Res. Anatel 73/1998 – Art. 3º. Não constituem serviços de telecomunicações:
(…)
III – os serviços de valor adicionado, nos termos do art. 61 da
Lei 9.472 de 1997.”
Neste sentido, inclusive, o Supremo Tribunal Federal já assentou que os SVAs efetivamente distinguem-se dos serviços de telecomunicações. Nos autos da ADI-MC nº 1.491/DF, o Ministro Relator Carlos Veloso asseverou que, ontologicamente, o serviço de telecomunicações não se identifica com o serviço de valor adicionado. Este último nada mais é que “um acréscimo de recursos a um serviço de comunicações que lhe dá suporte, criando novas utilidades relacionadas ao acesso, armazenamento, apresentação e recuperação de informações”.
Em síntese, o SVA corresponderia a uma “mera adição de valores a serviços de comunicações já existentes”, não incidindo, portanto, o pagamento de ICMS. É exatamente essa a natureza do serviço de VoIP da D.S.C Ltda: a empresa fornece a seus clientes serviços que apenas se consolidam mediante uma prévia instalação de rede de comunicação estabelecida, com operadores distintos e feitos mediante escolha própria, caracterizando o objeto da prestação dos serviços como serviços de valor adicionado e, portanto, não submetidos à incidência do ICMS-Comunicação.
Sendo considerado serviços de valor adicionado (SVA), não há possibilidade de imputação do ICMS – telecomunicação, esse é o entendimento que vem sendo adotado no âmbito Supremo Tribunal Federal – STF, Superior Tribunal de Justiça – STJ, e do Tribunal de Justiça da Paraíba – TJPB. Neste ponto, tendo em vista o a Súmula n. 334, cabe destacar que o entendimento do STJ é de que a não incidência do ICMS sobre o provimento de acesso à internet deve-se justamente ao fato de que este é um serviço de valor adicionado e não de telecomunicações – mesma hipótese dos serviços prestados pela D.S.C Ltda.
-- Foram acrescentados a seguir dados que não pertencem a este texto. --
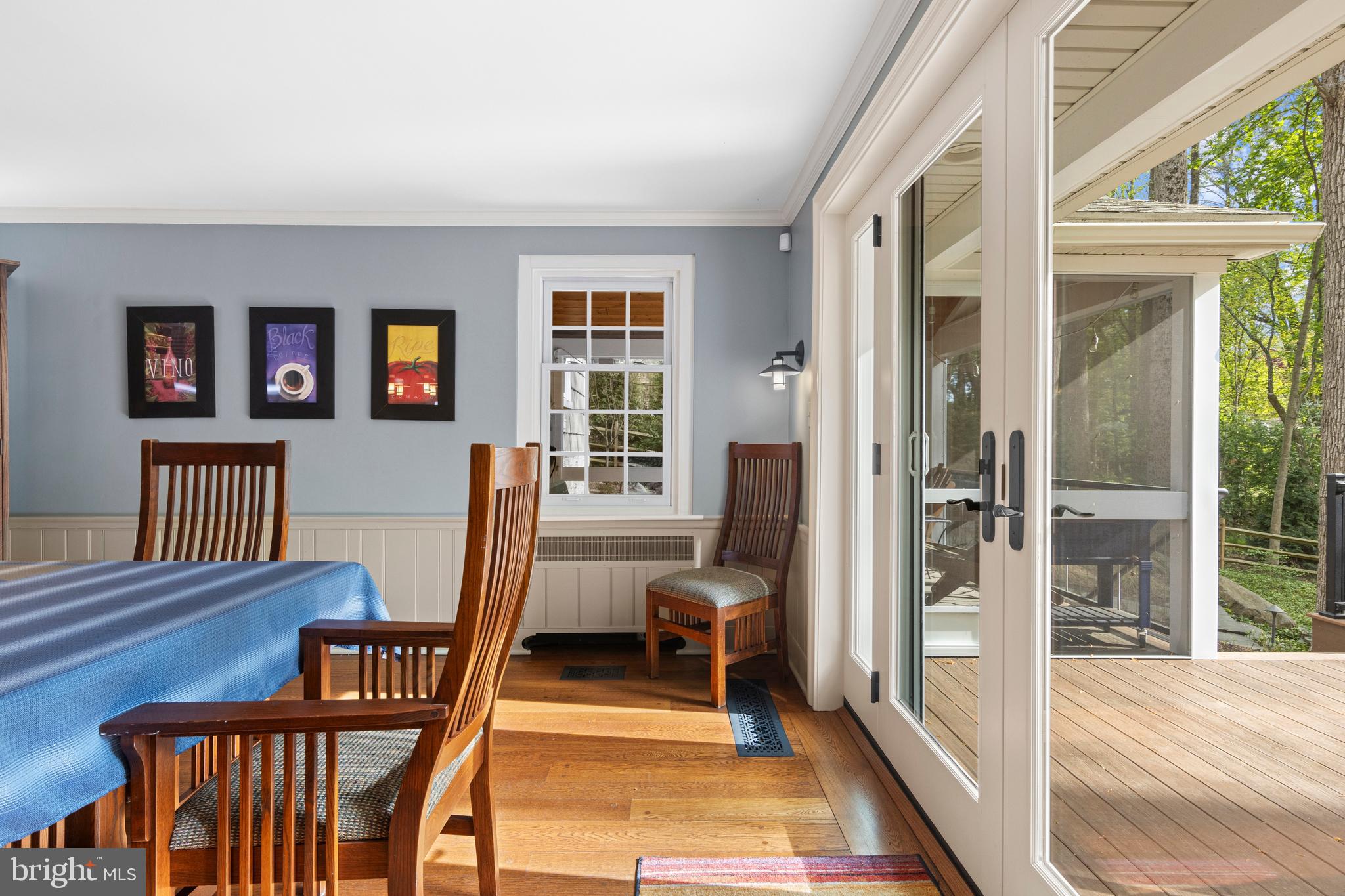 126 Anton Road Wynnewood, PA 19096 - Photo 39 of 52 Glass doors lead to rear deck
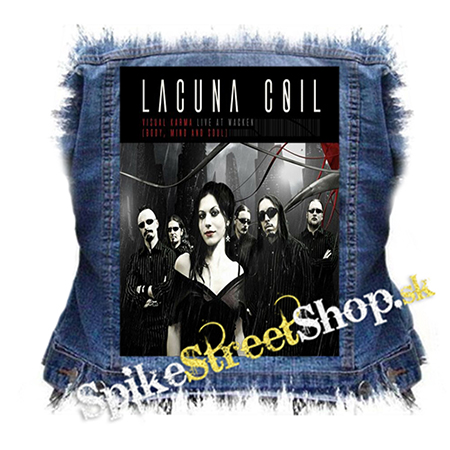LACUNA COIL - Visual Karma Poster - chrbtová nášivka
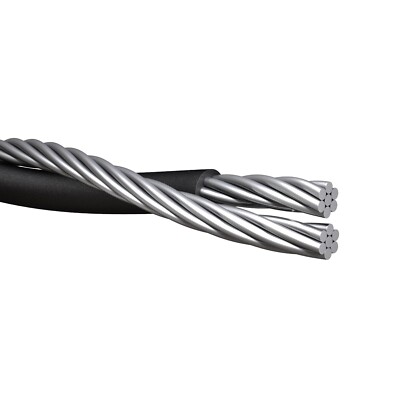 Shepherd 6-6 Duplex Aluminum Overhead Service Drop Cable (85 Amp) 600V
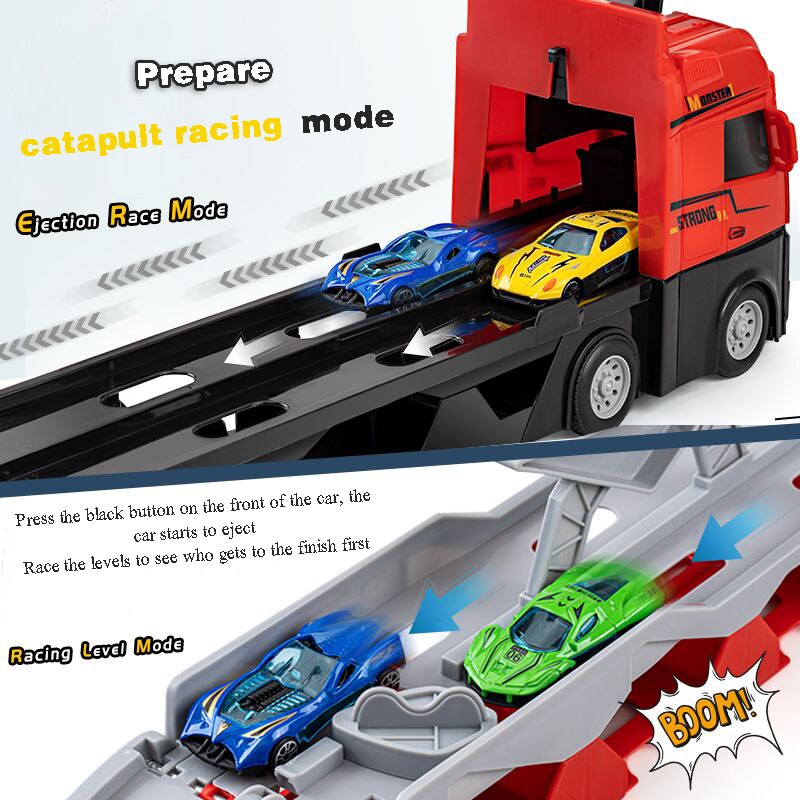 BowLift | Giant Folding Truck Catapult Race Track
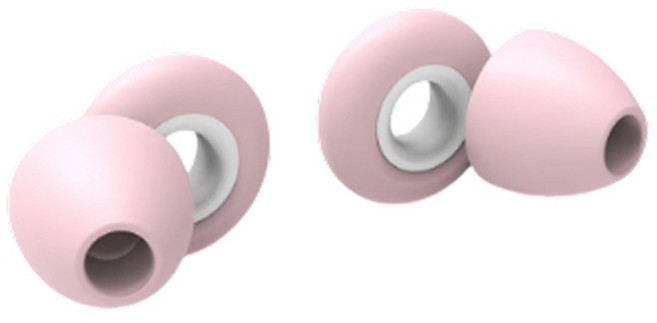 수면 귀마개 소음 차단 수영 작업 공부 실리콘 이어플러그 핑크, 1쌍, 1세트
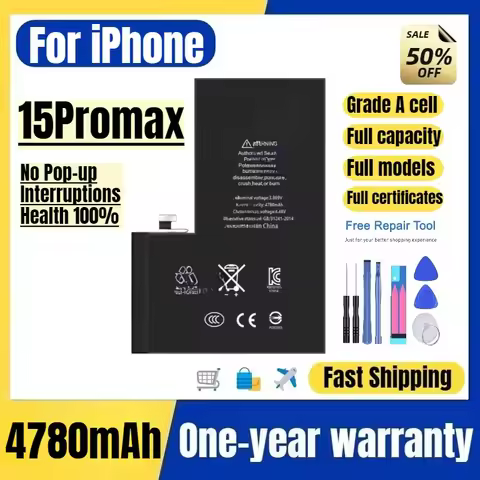 A2849/A3105/A3106 for IPhone 15Promax Mobile Phone Battery No Pop-up Interruptions Health 100% Repla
O ICMS – Comunicação, por sua vez, é previsto no Art. 155, inciso II, da Constituição Federal e encontra-se regulamentado pela Lei Complementar nº 87/96, Art. 2º, inc. III:
Art. 155. Compete aos Estados e ao Distrito Federal instituir impostos sobre: II – operações relativas à circulação de mercadorias e sobre prestações de serviços de transporte interestadual e intermunicipal e de comunicação, ainda que as operações e as prestações se iniciem no exterior;”
Art. 2° O imposto incide sobre:
III – prestações onerosas de serviços de comunicação, por qualquer meio, inclusive a geração, a emissão, a recepção, a transmissão, a retransmissão, a repetição e a ampliação de comunicação de qualquer natureza;
Portanto, conforme se depreende dos dispositivos legais expostos, para que haja a incidência do ICMS-Comunicação, é indispensável que: i) exista relação comunicativa (formada por cincos elementos: emissor, receptor, meio de transmissão, código e mensagem transmitida); ii) a comunicação seja viabilizada por um terceiro, mediante remuneração. Ausentes quaisquer dos requisitos acima, não há que se falar em incidência do ICMS. Portanto, se os serviços ofertados pela D.S.C Ltda não se prestam a promover uma efetiva relação comunicativa, são meros usuários da infraestrutura de telecomunicações e, logo, considerados “Serviços de Valor Adicionado” (SVA).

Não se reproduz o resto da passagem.